On Wed, Dec 4, 2013 at 2:59 PM, David Buchan <pdbuc...@yahoo.com> wrote:
>   // Allocate memory on the heap, not stack.
>   msgdata = (msgdatas *) malloc (1 * sizeof (msgdatas));
>   msgdata->textview = (int *) malloc (1 * sizeof (int));
>   message = (char *) malloc (1024);

The only blocks of memory that need to be on the heap are those that
will be passed around. These ones don't go anywhere, so they could be
automatic (ie on the stack).

If it helps, think of every block of memory as having an owner. When
you call strdup() or malloc() or anything like that, you get a pointer
to a block of memory which you now own. You can then pass that pointer
to another thread and abandon it, and the other thread now owns that
memory. Ultimately, the owner of the memory frees it, and then nobody
owns it.

ChrisA

================================
I agree "message" doesn't go anywhere, but doesn't the struct get passed?

What I mean is, is it kosher to have:

msgdatas msgdata;  // I'd pass &msgdata as arg. to g_idle_add() I suppose.
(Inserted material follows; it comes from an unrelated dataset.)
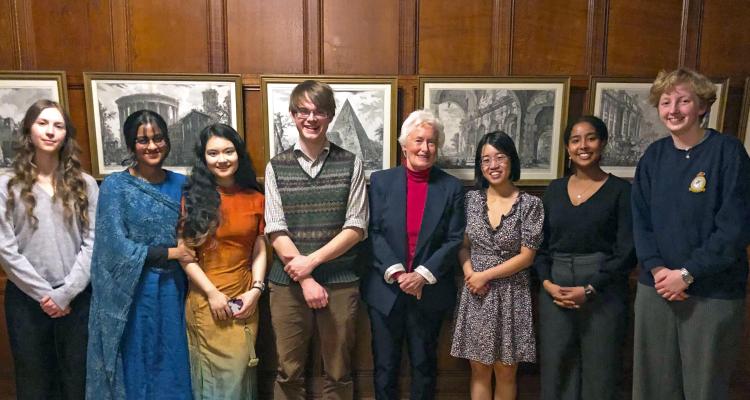 all 7 participants of the 2024 Mountford Prize, stood in a line, with Dr Mountford in the centre. Wood panelling background where 5 black and white scenic landscape pictures hand in a gold frame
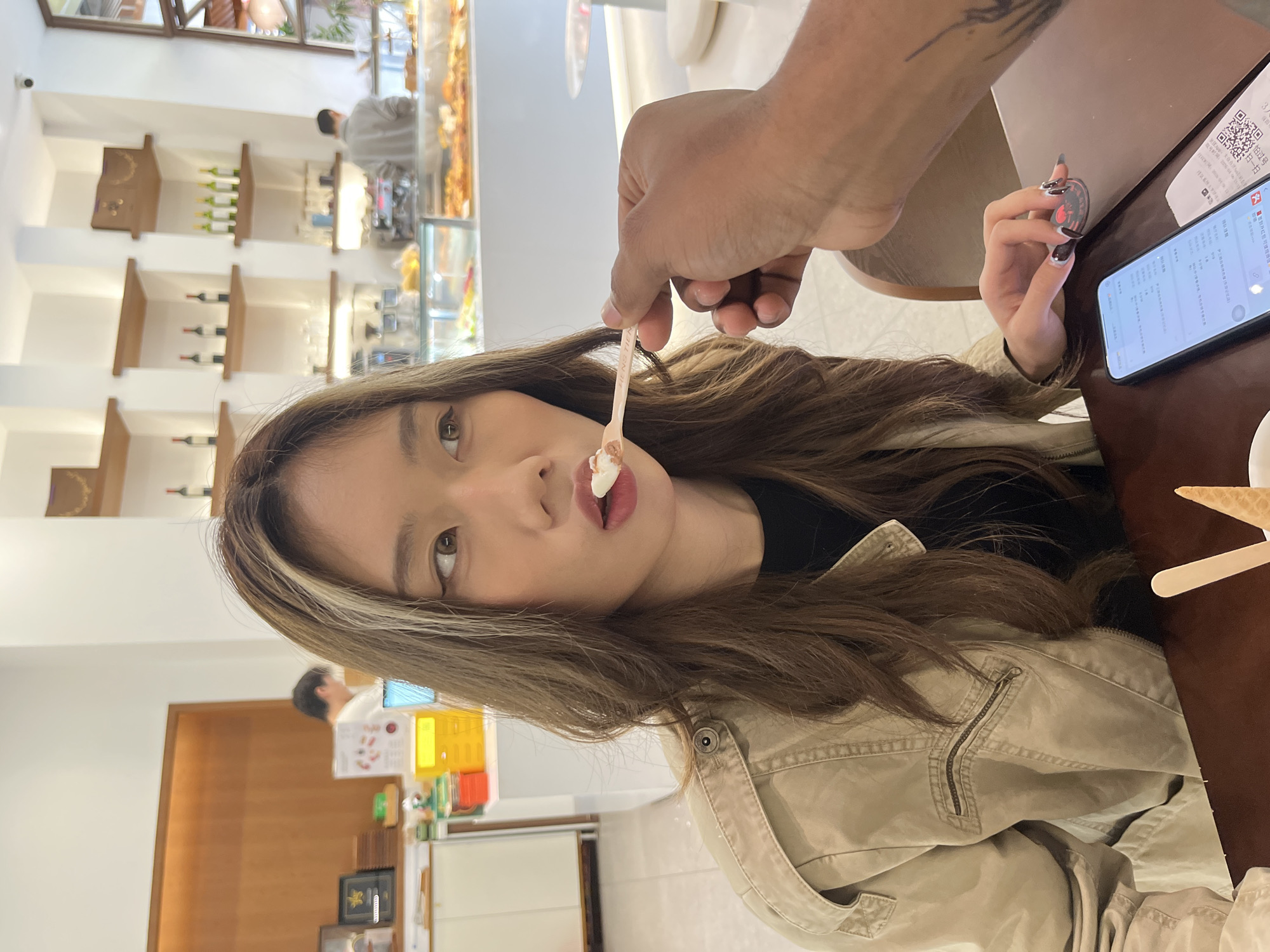 A woman with brown hair and a tan jacket is being fed ice cream by a dark-skinned hand in what appears to be a cafe. The woman is looking directly at the camera with ice cream on her lips. A smartphone is visible on the table beside her, along with a coffee cup with a spoon. Shelves of wine bottles and baked goods suggest a cafe or bakery setting. The location is indicated to be Chenghua District, China.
and then do the equivalent of the following:

msgdata->message = strdup (message);

I
 thought that would bomb, because the struct is on the stack while the 
char string within the struct is being malloc'd on the heap (strdup() uses 
malloc(), according to manpage).

I see John allocated memory for the struct with g_new() which I *think* uses 
malloc(). I believe I want to do it that way.